Bug bounty programs have been around since 1983 (see box), the year Hagenah came into the world. SIX will launch its maiden bug bounty program in spring 2022. SIX will be conducting it in collaboration with HackerOne, the world’s largest platform for White Hats. HackerOne has paid out bounties totaling over 100 million US dollars since 2012. The portal of the industry leader currently lists almost 400 active bug bounty programs, many of them for illustrious clients like the US Defense Department, IBM, Twitter, and TikTok. “The goal of our bug bounty program is to find vulnerabilities on our website that we haven’t come across ourselves,” Hagenah explains.
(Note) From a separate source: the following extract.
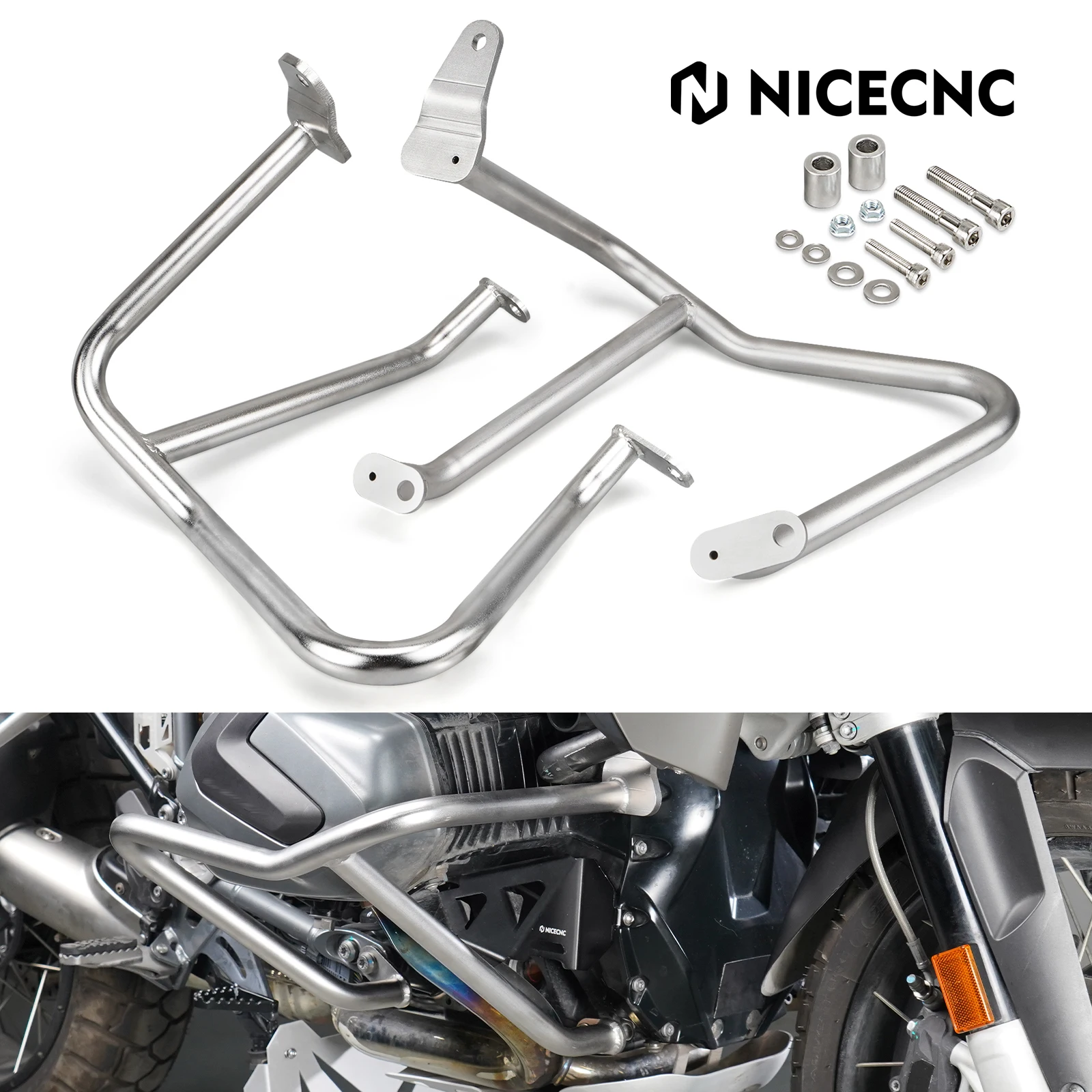 

For BMW R1250GS Engine Guard Motorcycle Bumper Crash Bars for BMW R1250GS R1250 GS R 1250 GS 2019 2020 2021 2022 2023 2024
He cites three reasons why that should work: “First, external hackers bring along their own ideas. Second, participants in the program vastly outnumber the members of my team. And third, a bug bounty program runs for years – a pen test is often over in a week.” Depending on the experiences gained by SIX with the bug bounty program, the principle can be extended, for example, to the cloud or to internal systems at SIX, Hagenah explains.
It is vital to Hagenah to keep an ear to the ground in the hacker scene because cybersecurity is incredibly dynamic, he says. In this context, a bug bounty program serves not just to gain knowledge about security vulnerabilities at SIX, but also helps to make a name for SIX among the world’s best ethical hackers as a client, he adds.